In Sostanza, il fatto che i trattamenti riscossi dalle donne siano inferiori a quelli degli uomini lo si vede anche in termini rovesciati in caso di premorienza di uno coniugi. Per finire le pensioni e gli assegni sociali hanno un importo medio mensile pari a 422 euro uguale a quello destinato agli invalidi civili. Anche in queste fattispecie – siamo a livello di trattamenti modesti – le donne sopravanzano di qualche euro gli importi percepiti in media dagli uomini. Le statistiche dell’Osservatorio – a volerle leggere con cura – smentiscono sonoramente un’altra rappresentazione della realtà ormai divenuta una sorta di luogo comune che nessuno osa mettere più in discussione: dopo la riforma Fornero i lavoratori e le lavoratrici non riescono più a varcare l’agognata soglia della quiescenza se non da vecchi macilenti e sfiniti.
I dati sull’età effettiva di pensionamento nel 2015 rendono, invece, testimonianza di quanta barbarie e di quale demagogia sia avvelenato il dibattito previdenziale.
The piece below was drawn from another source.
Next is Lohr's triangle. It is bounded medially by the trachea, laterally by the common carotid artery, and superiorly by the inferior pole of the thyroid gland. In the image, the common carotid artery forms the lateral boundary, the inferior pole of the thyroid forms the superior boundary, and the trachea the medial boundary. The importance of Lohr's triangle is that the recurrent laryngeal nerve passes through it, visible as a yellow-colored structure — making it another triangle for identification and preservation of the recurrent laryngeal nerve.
Basti solo ricordare che, nel 2015, considerando tutti i regimi censiti (dipendenti privati e lavoratori autonomi) il numero delle pensioni di vecchiaia anticipata/anzianità (grazie anche alle generose deroghe riconosciute ai c.d. esodati) sono state in numero maggiore (157mila) di quelle di vecchiaia (124mila). Nel caso del lavoro dipendente c’è stata addirittura la differenza del doppio (104mila +1,5mila prepensionamenti a fronte di 56mila trattamenti di vecchiaia).
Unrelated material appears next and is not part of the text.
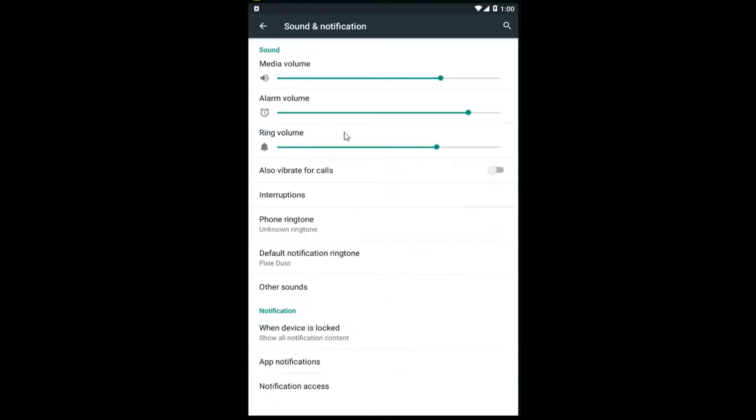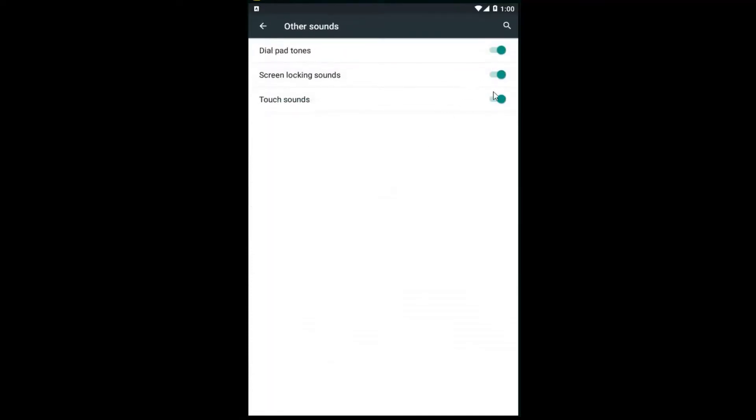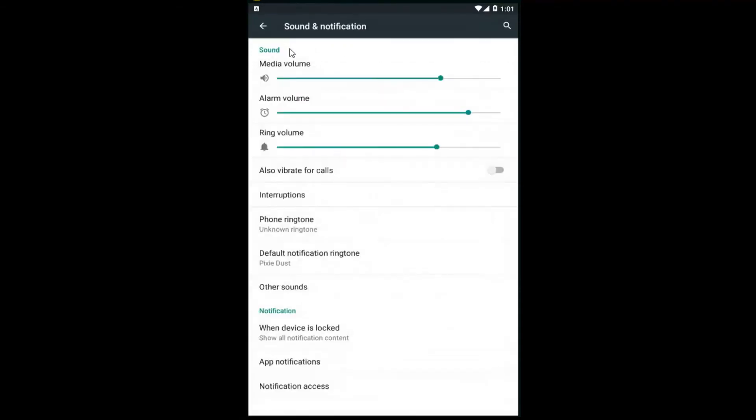So we have different sounds we can adjust up at the top here as well as going underneath other sounds. Just depending on what you're trying to achieve, if you're trying to turn on or off sounds, this is pretty much all the options you have to work with.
A quale età anagrafica, poi, i lavoratori hanno potuto andare in pensione anticipata nel corso del 2015 ? L’età media alla decorrenza (includendo i dipendenti privati e pubblici e i lavoratori autonomi) è stata di 60,5 anni (come totale di uomini e donne): in sostanza, 1,4 anni in più dal 2010; 0,6 anni in più dal 2012, quando è entrata in vigore la riforma Fornero. Certo, l’incremento dell’età effettiva di vecchiaia è stato più importante (2,5 anni), per effetto, però, dell’avvio della parificazione del requisito anagrafico delle donne a quello degli uomini. E, infatti, mentre i lavoratori hanno avuto, nel 2015, un incremento di 0,8 anni dal 2010 (0,4 anni dal 2012), quello delle lavoratrici è stato rispettivamente pari a 2,9 anni e a 2,2 anni.
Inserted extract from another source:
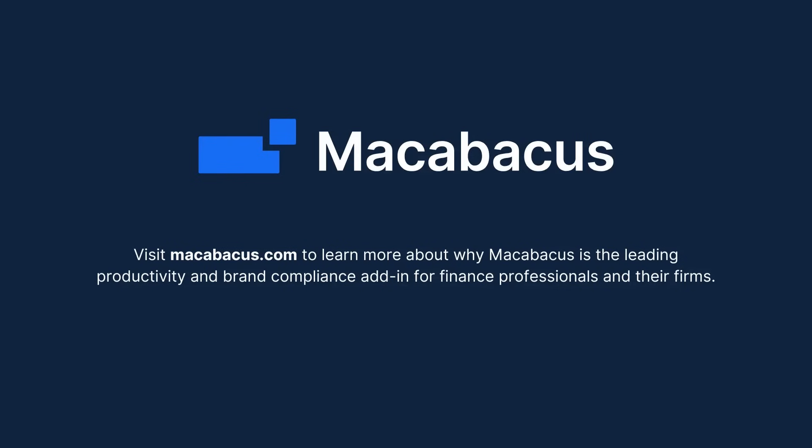Visit Macabacus.com to learn more about why Macabacus is the leading productivity and brand compliance add-in for finance professionals and their firms.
Ma il bello non finisce qui. Nel decreto “Salva Italia”, Elsa Fornero ci mise sicuramente del suo, ma le disposizioni che più hanno inciso sul tasto dolente dell’età pensionabile le ereditò dal precedente Governo di centro destra (a cui la Lega partecipava) soprattutto per iniziativa di Giulio Tremonti, titolare dell’Economia e “beniamino” di Umberto Bossi. Ci riferiamo ai 12 mesi (18 per gli autonomi) della c.d. finestra mobile (per poter esercitare il diritto alla pensione dopo aver maturato i requisiti) che nel 2011 venne incorporata nella soglia anagrafica; all’aggancio automatico all’attesa di vita e all’avvio (estremamente accelerato nel pubblico impiego sotto minaccia di sanzione europea) della parificazione di genere del trattamento di vecchiaia.
Quanto alla c.d. flessibilità della quiescenza (nuovo cavallo di battaglia dei tanti candidati riformatori – per non dire di peggio – delle regole del 2011, essa era prevista dalla legge Dini del 1995: venne cancellata attraverso il c.d. “scalone” di cui alla riforma Maroni del 2004.